Fiquei entretida e curiosa com a historia que foi entrelaçando o preparo do Tiramisù que, alias, nem sempre gosto, provavelmente porque foi bem explicado em "curiosidades". Agora vou tentar fazer um usando da receita que voce passou. Quem sabe o meu vai ficar melhor do que muitos que já provei. ;)

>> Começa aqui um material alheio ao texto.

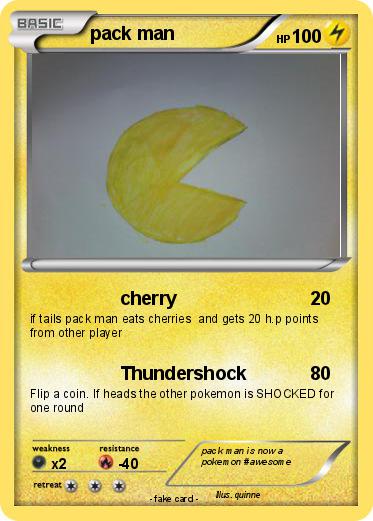 Pokemon pack man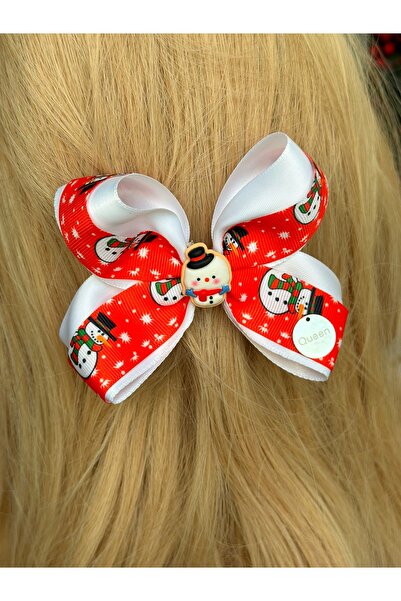 QUEEN AKSESUAR Ειδική πολυτελής σχεδίαση με μοτίβο χιονάνθρωπου, φανταχτερό χ...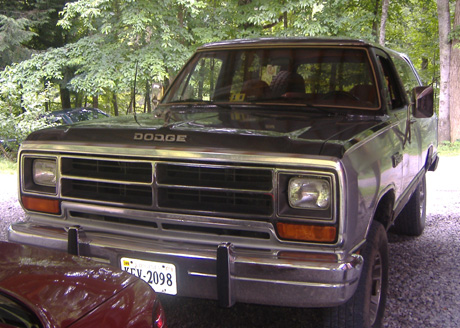 1987 Dodge Ramcharger 4x4 By Mark Salyer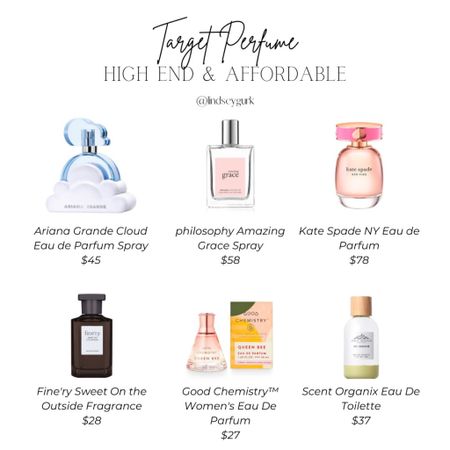 High end & Lux perfume on a budget 👀 

#LTKunder100 #LTKFind #LTKbeauty
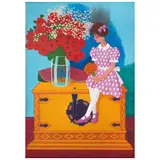 Trinidad Osorio, Untitled, Óleo sobre tela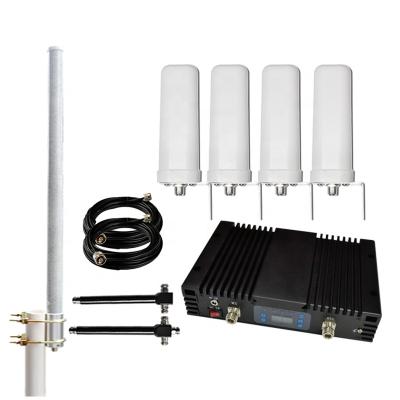 China Customizable JIAMUSI Factory 23dBm 70dB GSM&EGSM 900MHz Repeaters 2G 3G Phone Signal Repeater Booster JMS-G23 for sale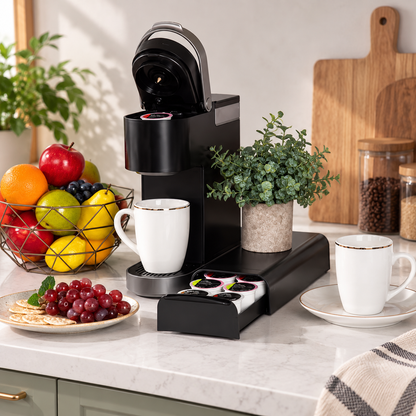 Single Serve Coffee Pod Storage Drawer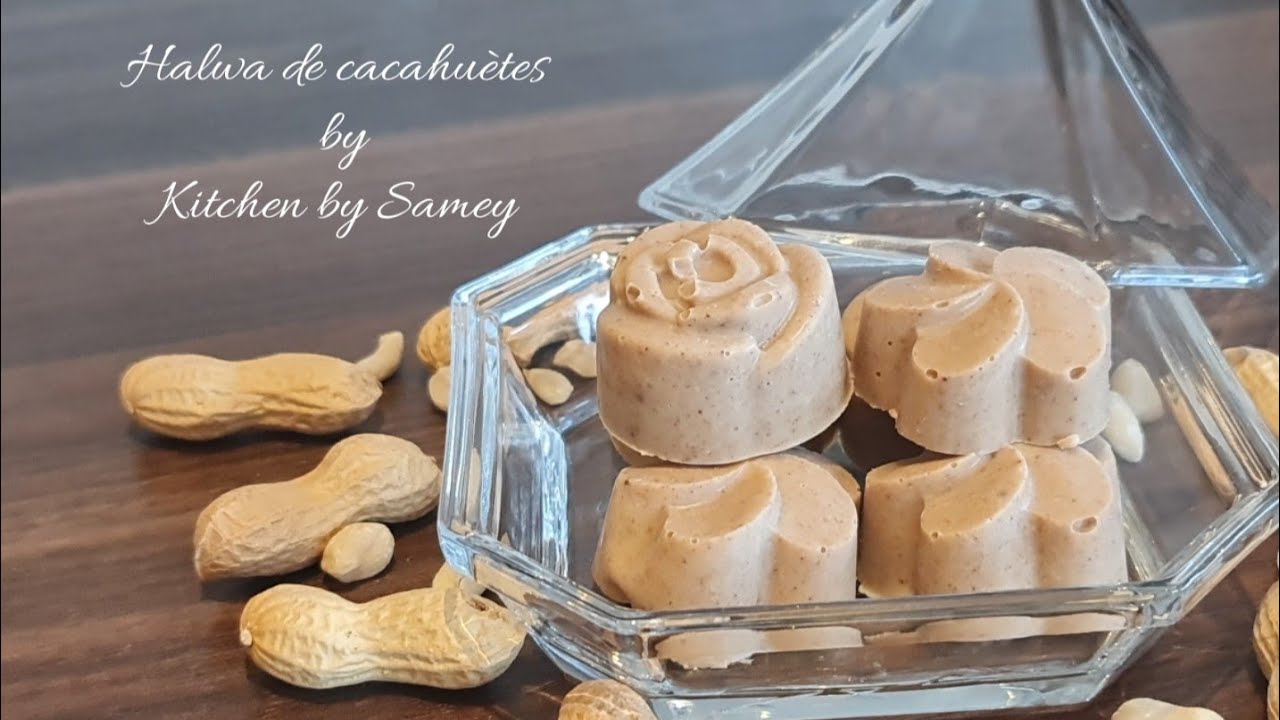 Halwa de cacahuètes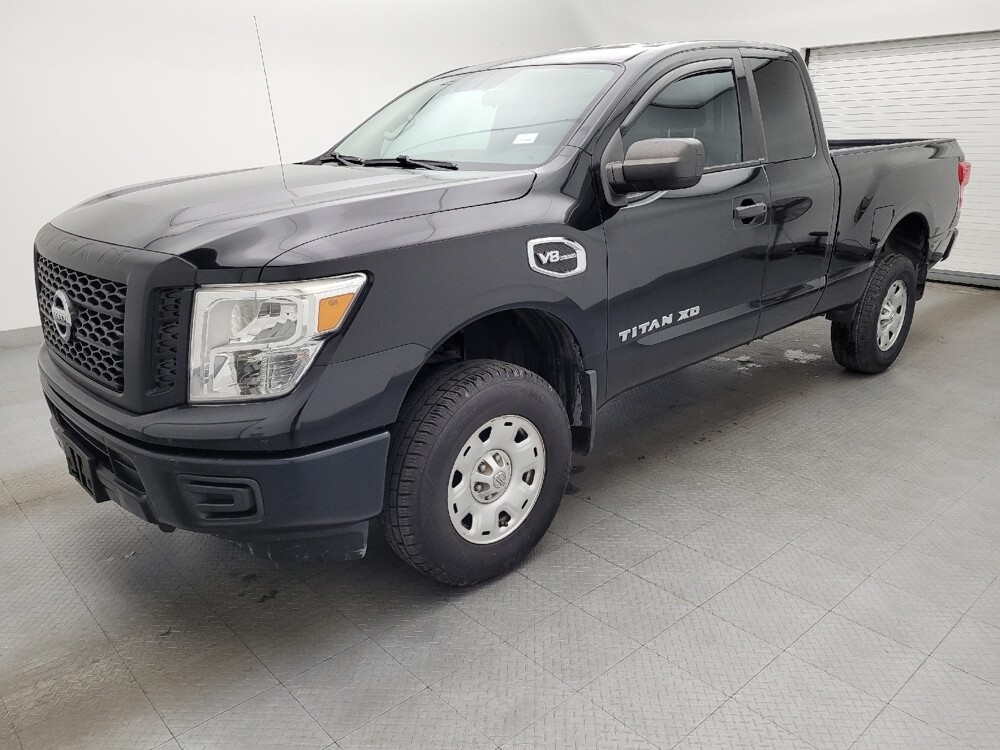 2017 Nissan Titan in Winston-Salem, NC 27103 - 18089839 2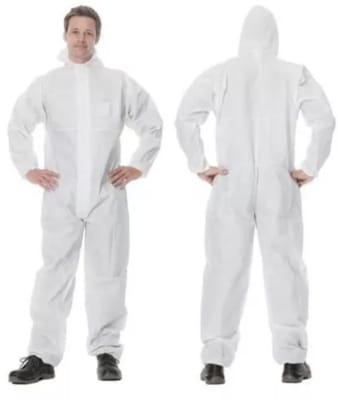 BUZO PROTECTOR STANDARD CLINEX (ROJO)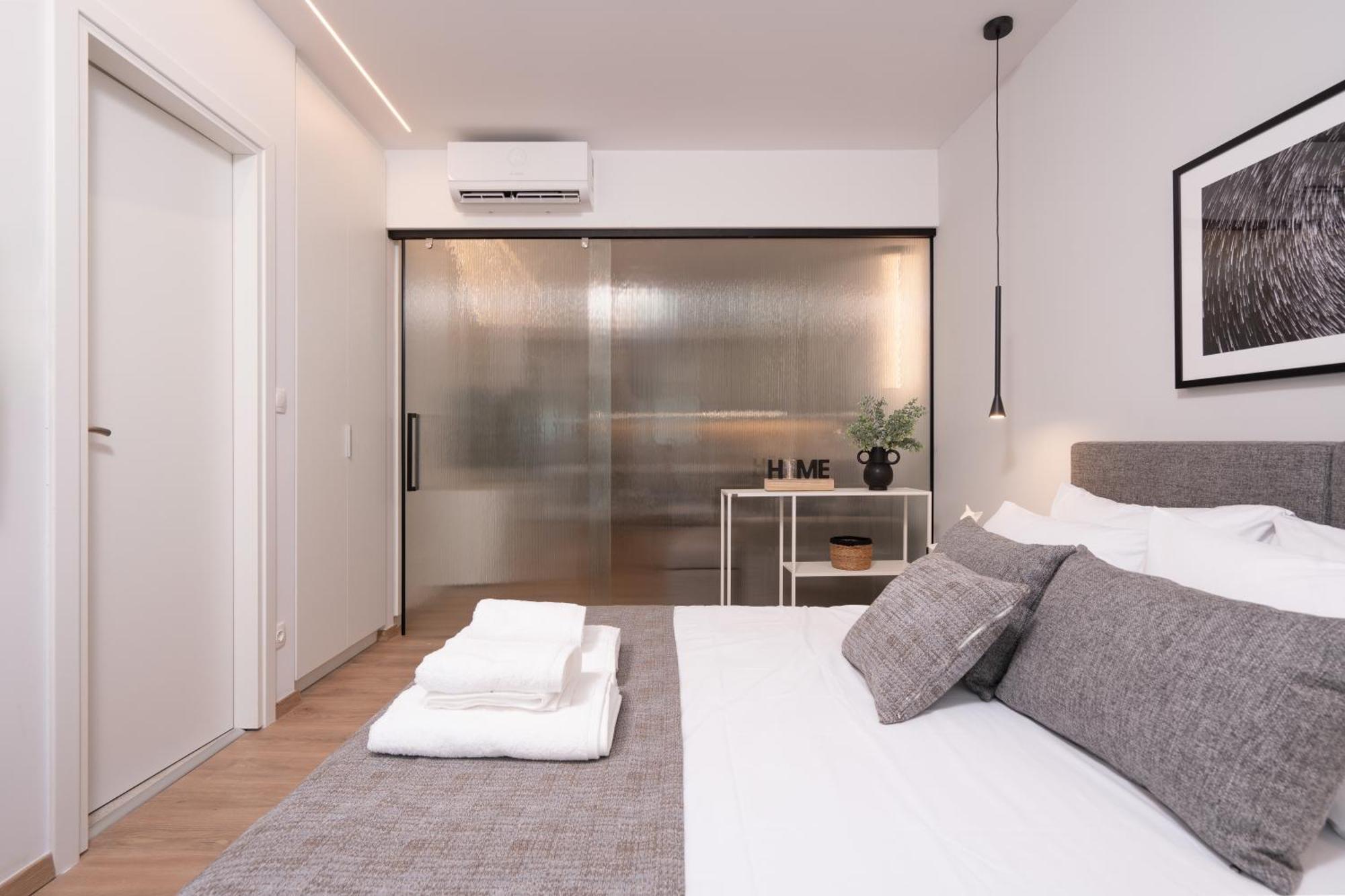 Kosmos Luxury Residences Atene Camera foto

Gosto de Massarpone que fui apresentada em anos mais recentes.

Beijocas

Fati said...

Não sei se gostei mais da estória ou da receita.
Vou pedir para minha Barbara fazer tiramissú!

Fati said...

Perdão, tiramisú

Unknown said...

Grande Allan!!! :)
Adoro quando vc ensina "receitas em prosa"!
Bjs

Liliane de Paula said...

O que gostei na Itália foram os limões sicilianos.

Deniserangel said...

Gostei da receita entremeada pela história. Lembra aqueles programas de TV em que se faz a receita contando casos. A propósito, estou assistindo a um desses programas agora: o da Palmirinha.
Pela descrição do doce que você fez, com certeza deve ser delicioso. Até deu vontade de fazer, se a preguiça deixar, hehe.
abraço, garoto

Liliane de Paula said...

Voltei para dizer que gostei da história.
Tiramisu? Acho que nunca comi.
Não gosto de sobremesas, porque não sei comer pouco, sobremesas.

Lúcia Soares said...

Toda vez que comi (poucas) o tiramissú, não gostei. Acho que preciso fazer eu mesma, com os ingredientes certos. A última vez que comi parecia azedo, acho que o mascarpone não estava bom.
Então...Fico deliciada com essas histórias com personagens enigmáticos, Lembram-me aquela seção de Seleções, "Meu tipo inesquecível".
Abraço.

Claudia Antonini said...

Receita perfeita! História deliciosa!